While we do not disagree with GSA that Marathon and its suppliers now substantially conform with the RFP licensing requirements, a significant portion of the evidence upon which GSA relies was not in existence in December 1989, when the contract was awarded to Marathon. Specifically, Marathon's NRC license, which permits it to possess the tritium in the mb- microtec vials, was not issued until May 21, 1990, and Marathon's initial distribution license-- which was not sufficient to cover compliant watches -- was issued on May 4, 1990, and not amended to cover watches with the required radioactivity level until August 14. Thus, there is still no objective evidence that Marathon or its suppliers as of the date of award had any type of license whatsoever that could reasonably be considered as meeting the RFP requirement for an NRC license which authorized distribution of the watches. /3/ Since a responsibility determination cannot be based upon information submitted after award and an offeror must establish compliance with definitive responsibility criteria prior to that time, Vulcan Eng'g Co., B-214595, Oct. 12, 1984, 84-2 CPD Para. 403, and GSA's determination here was based in significant part on post-award data, it cannot be supported and we therefore sustain the protest.

GSA reports that it has numerous backorders for the watches.
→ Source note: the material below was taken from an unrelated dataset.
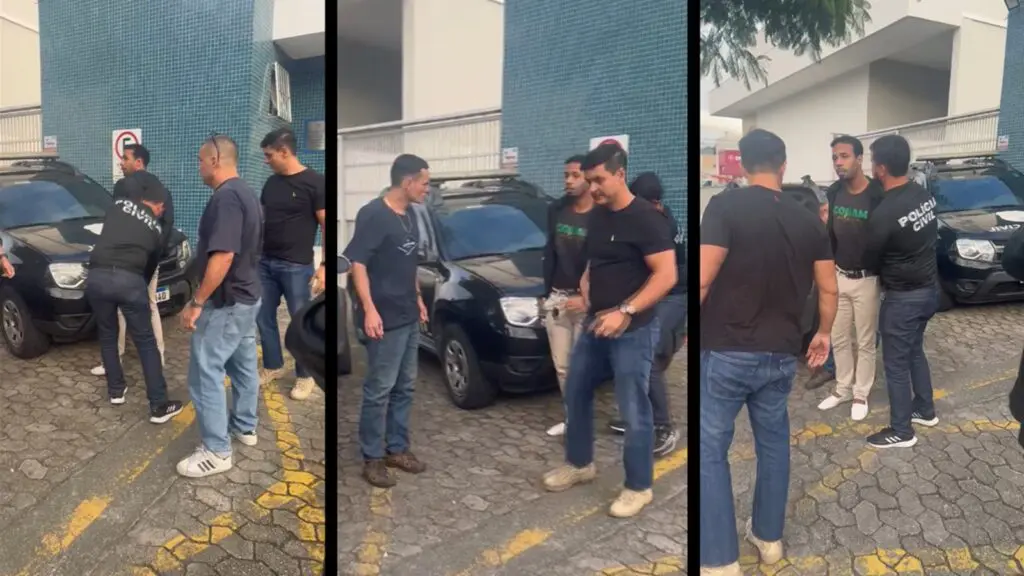 Vídeo: suspeito de tentar matar comerciante concorrente é preso pela DHPP Serra Jackson foi preso por equipes da DHPP Serra em frente à Delegacia Regional da Serra, no momento em que concedia entrevista ao repórter Caio Dias.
The contract has a 2-year term, from February 1, 1990, until January 31, 1992; we recommend that the contract be terminated after 1 year of performance, on January 31, 1991, or considering the backorders, as soon thereafter as practicable. We do not recommend that award be made to Stocker because at the time of award to Marathon it too was ineligible as it was not on the QPL. Should the agency recompete its remaining requirements, it should insure that whatever license requirements are included in the new solicitation are met prior to award.

In our prior decision issued several months after the award to Marathon, we recommended that GSA determine whether the awardee "possesses" the required licenses. We recognize that the use of the word "possesses" could have led GSA to consider licenses issued after award in following our recommendation. That would not be proper because, as we have stated above, a definitive responsibility requirement must be met at the time of award. Since the protester did not question this ambiguity in a timely request for reconsideration and since we may have misled the agency, we do not award Stocker the costs of filing and pursuing the protest.
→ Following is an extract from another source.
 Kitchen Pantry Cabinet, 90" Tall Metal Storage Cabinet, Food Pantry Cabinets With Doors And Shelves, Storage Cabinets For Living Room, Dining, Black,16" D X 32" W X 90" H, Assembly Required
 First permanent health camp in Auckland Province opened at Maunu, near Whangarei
/1/ Marathon argues that only the initial portion of the license requirement pertaining to the possession of tritium and the watch manufacture must be met at the time of award while the second portion concerning distribution may be satisfied after award. Neither GSA nor the Army has recognized this division and since both aspects represent necessary elements of the offeror's ability to perform, we do not think the awardee's reading of the requirement is reasonable. In fact, by identifying the entire license requirement as a definitive responsibility criterion in our first decision, we recognized that the award date is a material element of the requirement. Stocker & Yale, Inc., B-238251, supra; see also Cumberland Sound Pilots Assoc.-- Recon., B-229642.2, June 14, 1988, 88-1 CPD Para. 567.
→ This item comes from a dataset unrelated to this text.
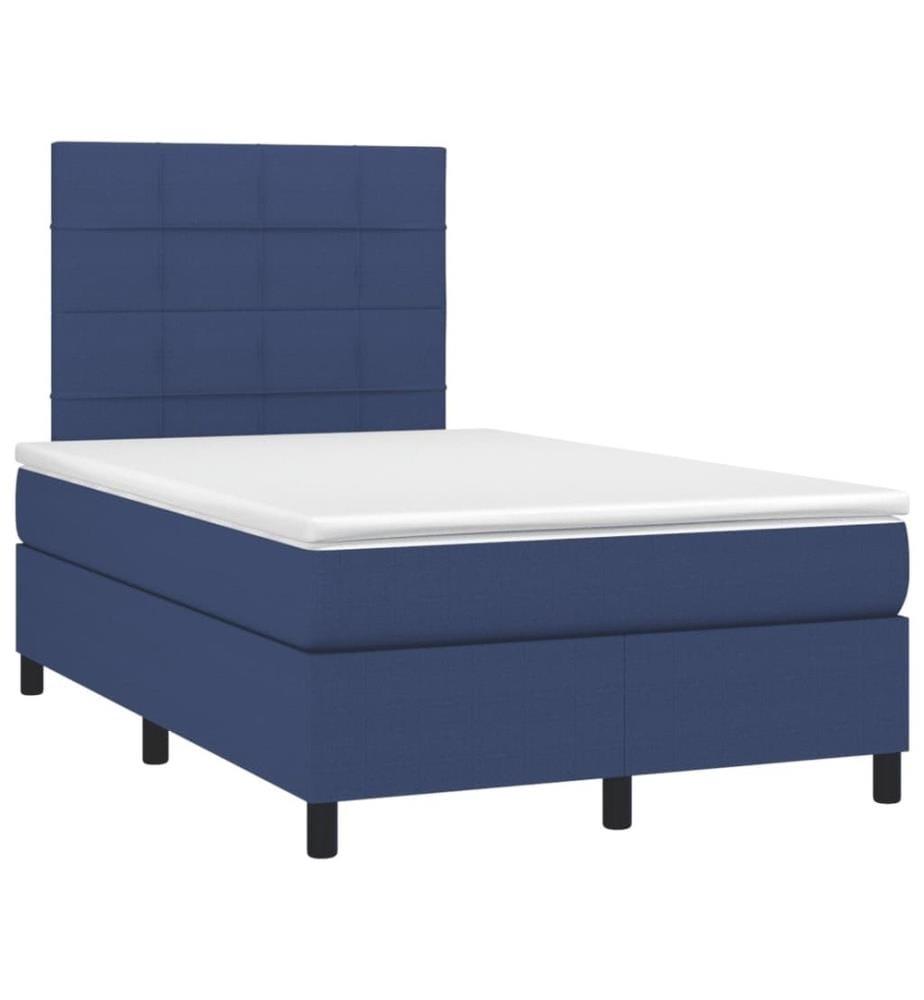 Boxspringbett mit Matratze & LED Blau 120x190 cm Stoff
/2/ The RFP specifications called for watches to have an activity level of 25 millicures.

/3/ There is some indication in the record of the initial protest that Marathon had "applied" for a "distribution license" at the time of award and that in the interim it intended to rely on a "distribution license" possessed by Gallet. We can find nothing in the record which could be reasonably interpreted as a Gallet distribution license and the mere application for an NRC distribution license does not, in our view, constitute possession of the license itself as illustrated by the fact that Marathon did not have an adequate distribution license until almost 8 months after award.